Lorraine learned well. Chargin said she even won a stare-down with Don King as the bombastic promoter tried barging in for free with an entourage of 10 at Sacramento’s Arco Arena to watch heavyweight Lennox Lewis fight on a Chargin-promoted card.
Brash former middleweight champion Bernard Hopkins and Lorraine had many heated debates, but she was there for him when he needed a pre-fight vitamin B-12 injection before his upset of Kelly Pavlik. No one there knew how to give one, Chargin recalled.
“You got the shot?” Lorraine asked. “I’ll give it to him.”
“We walk in the room and Bernard says, ‘Oh, God, not you!’ and she says, ‘Drop your pants, old man!’ He thanked her at the press conference,” Chargin said.
In their later years, the Chargins resided in picturesque Cambria, Calif.

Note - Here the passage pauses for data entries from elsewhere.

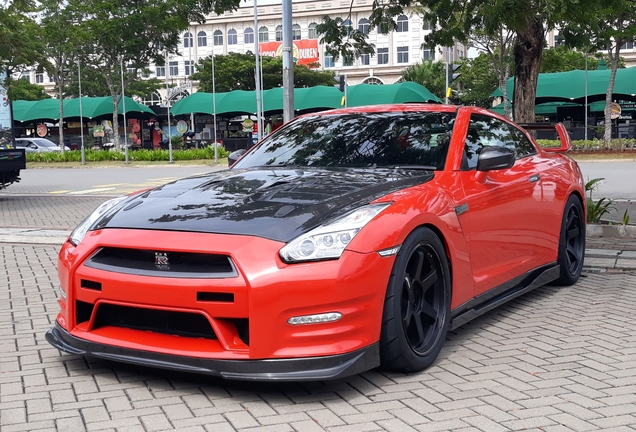 Nissan GT-R HKS GT600R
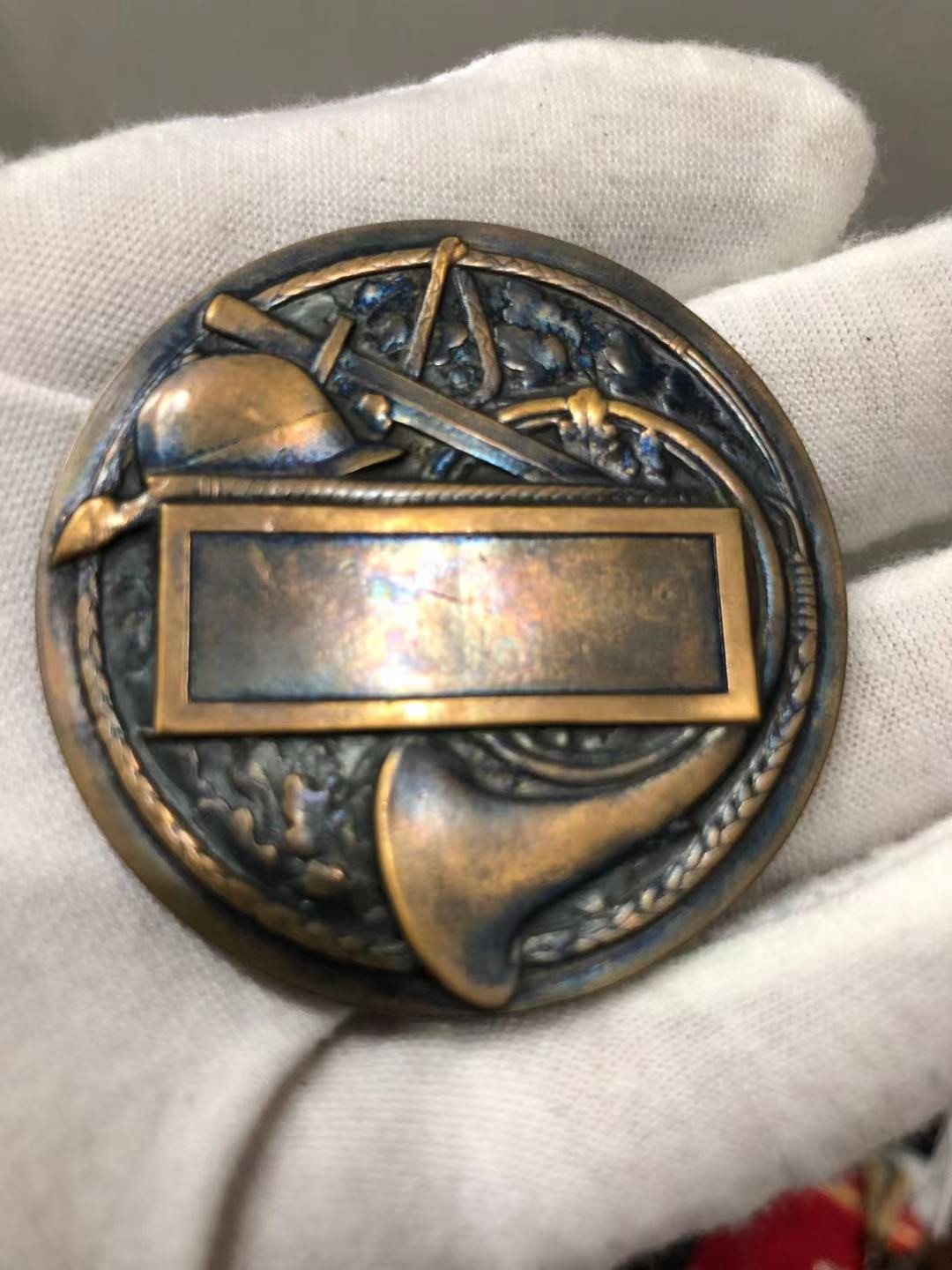 喜迎🐂年艺术麦朵尔第十场拍卖 法国黑底骑马图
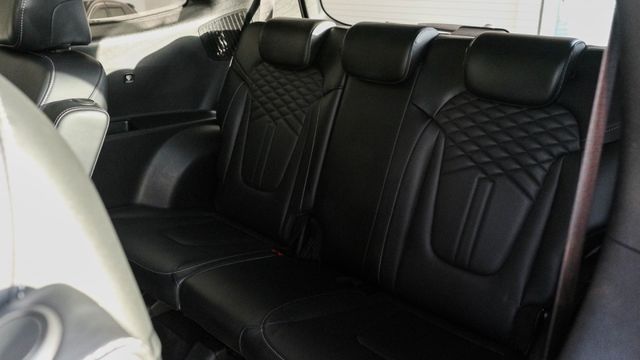 實車實價!雙電滑門 ACC LED貫穿尾燈 全景雙天窗 換檔快撥 電尾門  第17張相片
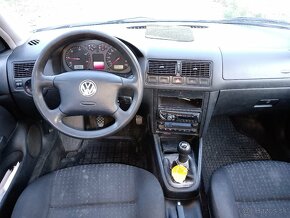 VOLKSWAGEN GOLF VARIANT 1,9TDI 81KW - 10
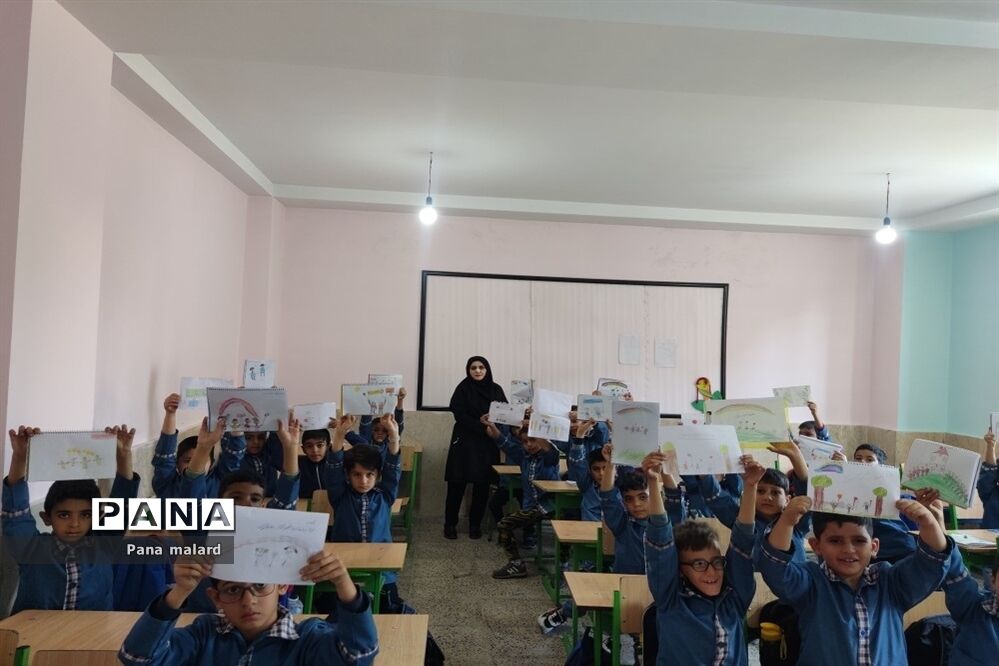 برپایی نمایشگاه نقاشی در دبستان ولی محمدی صفادشت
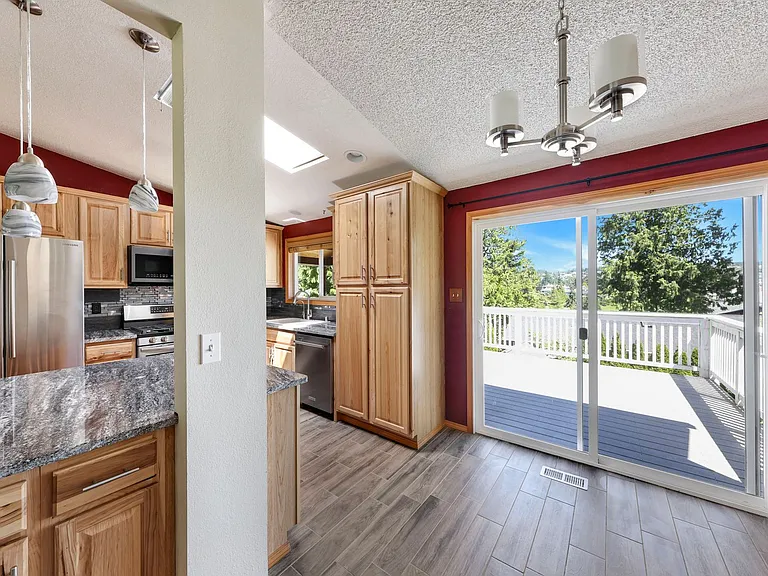 6127 Parkside Dr — Photo 4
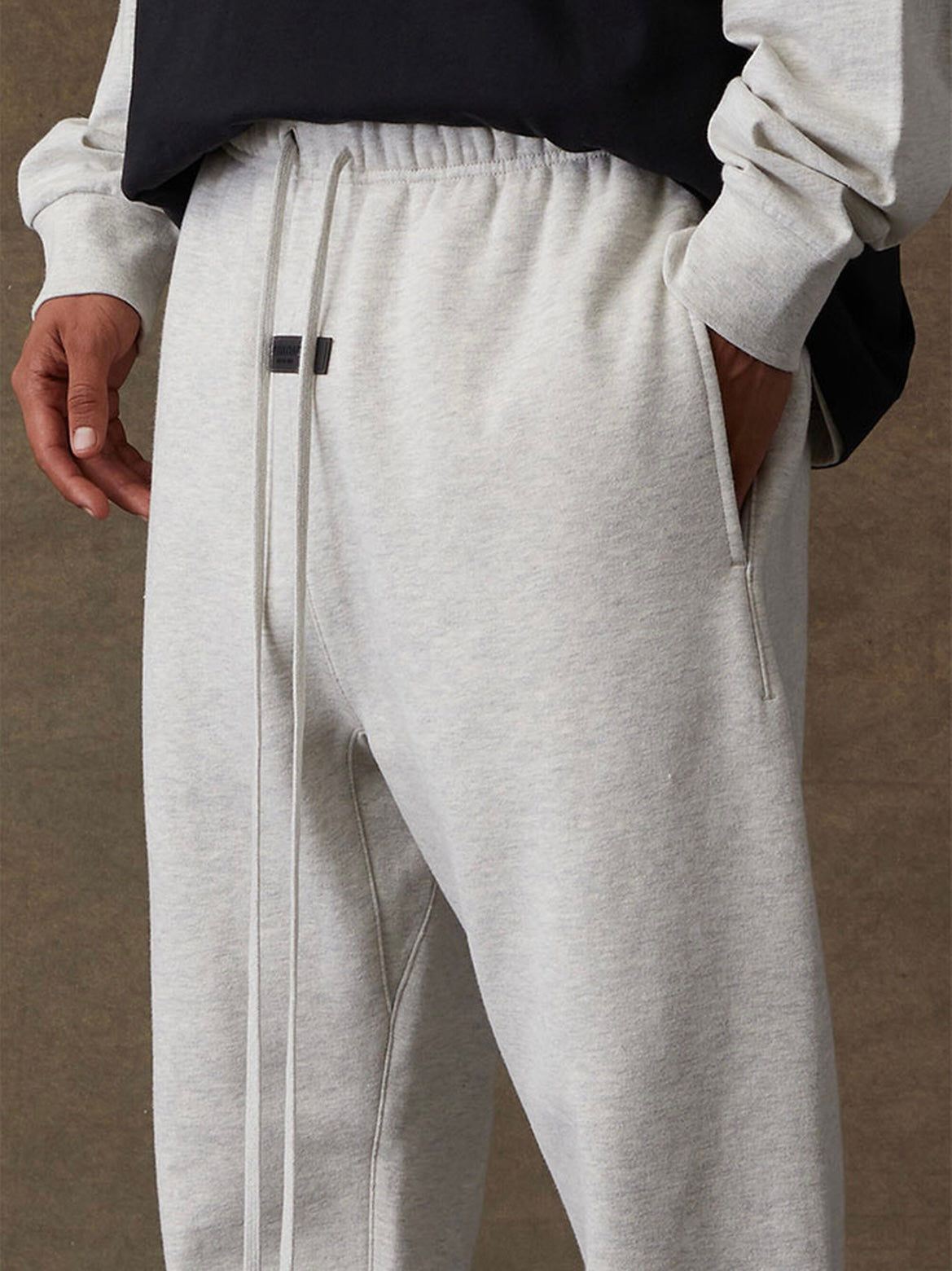 Essentials Sweatpants “Light Oatmeal” (SS22)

When Don was offered a position with Oscar De La Hoya’s Golden Boy Promotions, he had it written in his contract that Lorraine would accompany him on every business trip.
Lorraine died of cancer on April 6, 2010, at 79. Chargin’s close friend, veteran boxing publicist Bill Caplan, now comforts him during fight weeks, when friends, reporters and fighters are drawn by his war stories and counsel.
Chargin’s home, said Caplan, who visits regularly, “is a boxing museum,” with framed posters on many of the walls. “But the picture that dominates the house is of Lorraine,” Caplan said.
Chargin was inducted into the boxing hall of fame in 2001, and he had hoped his wife would soon join him. One reporter assessed that leaving Lorraine out in the first place was “like inducting peanut butter without jelly.”
“Every day, I miss her like crazy,” Chargin said. “I go through a real lonesome period about 4 in the afternoon because that’s when we had our talks. No telephones. No television. Just us.
“Now when 4 comes, I’ll just go to bed, just to get out of this front room where we used to be.
“As far as getting over her … never.”